Tampoco cabe descartar que el aviso responda en realidad a una más de sus habituales bravuconadas que no se verificarían en caso de que alcanzase la presidencia, como tampoco se cumplió durante su anterior mandato su amenaza de retirar a Estados Unidos de la OTAN.
Aún así, el comentario reviste una gravedad enorme por las implicaciones que entraña, como ya ha señalado el secretario general del Tratado. Jens Stoltenberg ha advertido de que «cualquier sugerencia de que los aliados no se defenderán mutuamente socava la seguridad global y pone a los soldados americanos y europeos en riesgo».
La afirmación no puede dejar de resultar muy inquietante si se tiene en cuenta la profesada admiración de Trump por Vladímir Putin. Y también que el republicano ha dado sobradas muestras de no estar comprometido con la defensa mutua de los miembros de la Alianza. Durante su presidencia pujó por disminuir las contribuciones de EEUU, para obligar a cada país miembro a reforzar sus respectivos ejércitos por separado.
Pero con estas declaraciones, Trump ha ido un paso más lejos en su suicida política exterior aislacionista. Porque nunca antes un candidato a presidente de EEUU había sugerido que incitaría a un enemigo a atacar a los aliados estadounidenses.
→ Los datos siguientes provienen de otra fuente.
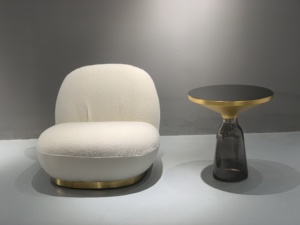 Muebles para el hogar pacha sillas fauteuil de tela muebles de piel de oveja blanca de la cubierta de tela Silla de acento - Product Image 3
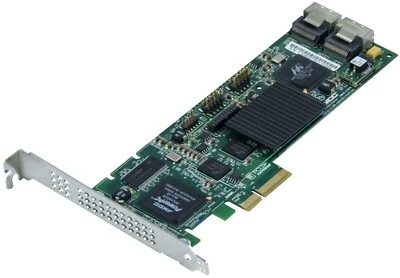 Raid Controller Card 3ware 9650SE-8LPML SATA 3Gbps Raid PCI-E 2x SFF-8087 Mini - Image 1 of 2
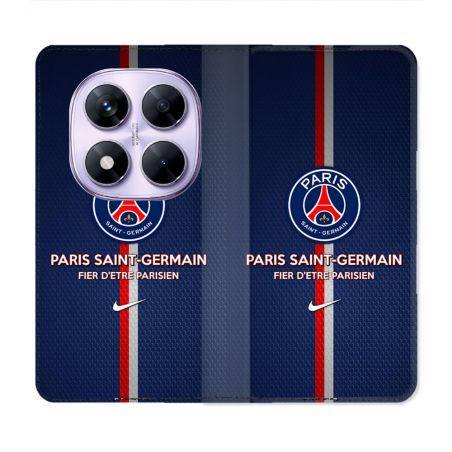Housse Cuir Portefeuille Pour Xiaomi Redmi Note 14 PRO 4G Foot PSG Fier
¿Cabe imaginar un movimiento geoestratégico de consecuencias más nefastas que el de mandar una señal al Kremlin de que el posible próximo presidente se desentenderá completamente de la defensa de Europa?
Esto es tanto como lanzar un mensaje a los países en el área de influencia rusa de que podrían quedar a su suerte si Trump gana las elecciones este año. Y eso habiendo quedado demostrado que la membresía atlántica es lo que ha evitado que Rusia invadiera otros países.
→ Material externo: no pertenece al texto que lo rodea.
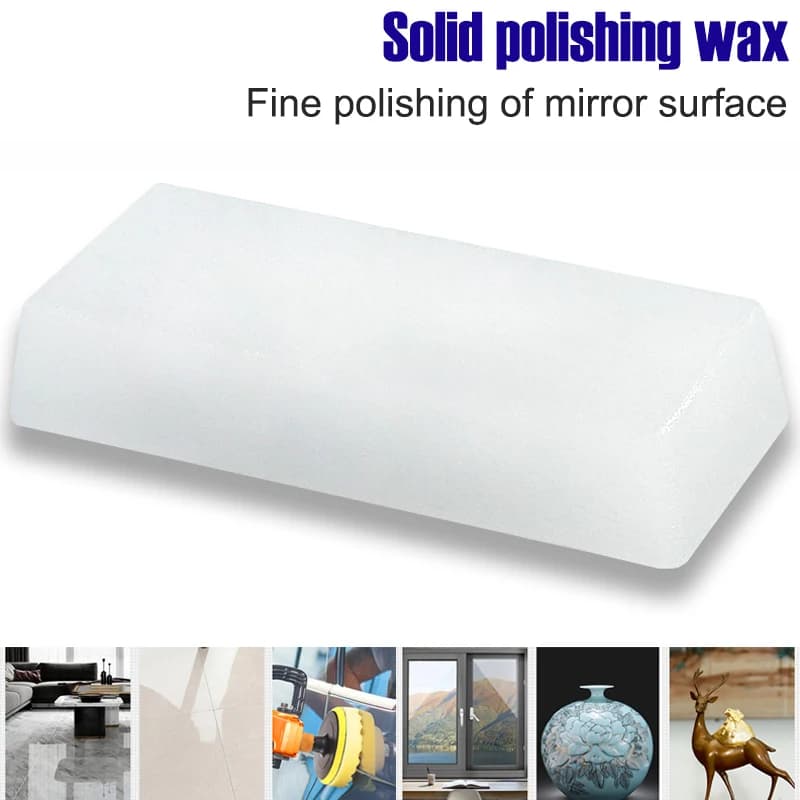 1 pz cera lucidante solida per metallo pietra ceramica vetro lucidatura manutenzione decontaminazione riparazione graffi blocco abrasivo
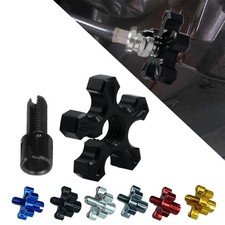 Universal Motorcycle UTV Sport Bike Aluminum Clutch Cable Wire Adjuster Bolt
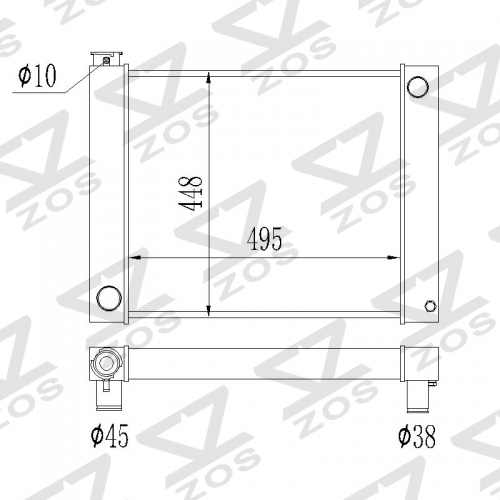 universal FORD radiator 25 inch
El adelanto de un rechazo por parte de Washington a contribuir a la defensa común no sólo alienta a Moscú a perseverar en su injerencia expansionista, en el contexto de una guerra contra Ucrania para la que cabe suponer que Trump cortaría la ayuda estadounidense. La sugerencia de que EEUU se retirará de su rol disuasor sólo puede favorecer a China, Irán y el resto de actores, que encontrarían vía libre para instaurar el orden iliberal y antioccidental a favor del que están empujando.
Es evidente que la política exterior de Trump, además de transparentar sus preferencias geopolíticas, asume una comprensión equivocada de lo que es la OTAN. Los miembros del Tratado Atlántico no pagan a EEUU, sino que contribuyen a un fondo común que se ha engrosado tras el incremento del gasto en Defensa de muchos países a raíz de la guerra de Ucrania.
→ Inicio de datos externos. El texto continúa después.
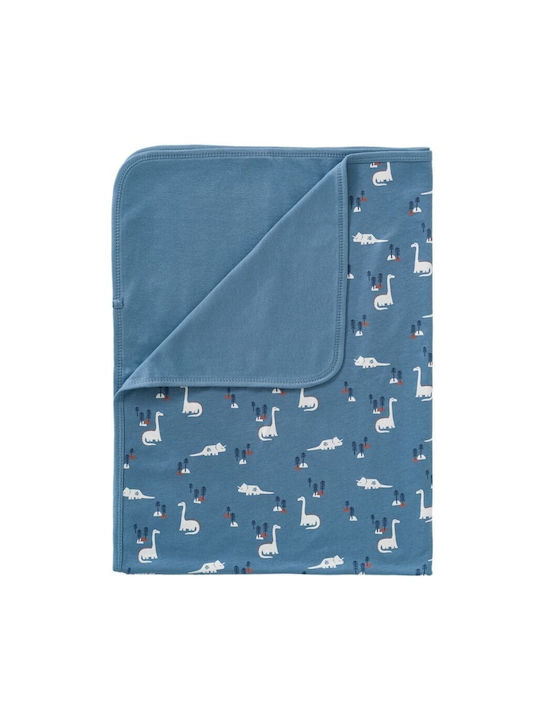 Fresk Blanket Nursery Swaddling Blankets Blue Dino 80x100cm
Pero el dogmático nacionalismo autárquico de Trump es insensible a este tipo de precisiones. El expresidente ha vuelto a demostrar que está dispuesto a retomar su política aislacionista, con independencia de que eso suponga deshacer el paradigma multilateral, desarbolar el paraguas de seguridad occidental de posguerra y desestabilizar gravemente el orden internacional.
Si Trump vuelve a la Casa Blanca y acomete una involución con respecto a la labor de Joe Biden, que ha tratado de reconstruir la confianza en la disposición de EEUU a intervenir si algún miembro de la OTAN es agredido, Europa se verá obligada a defenderse por sí misma de unos enemigos existenciales envalentonados por el desinterés del nuevo presidente en garantizar la paz mundial.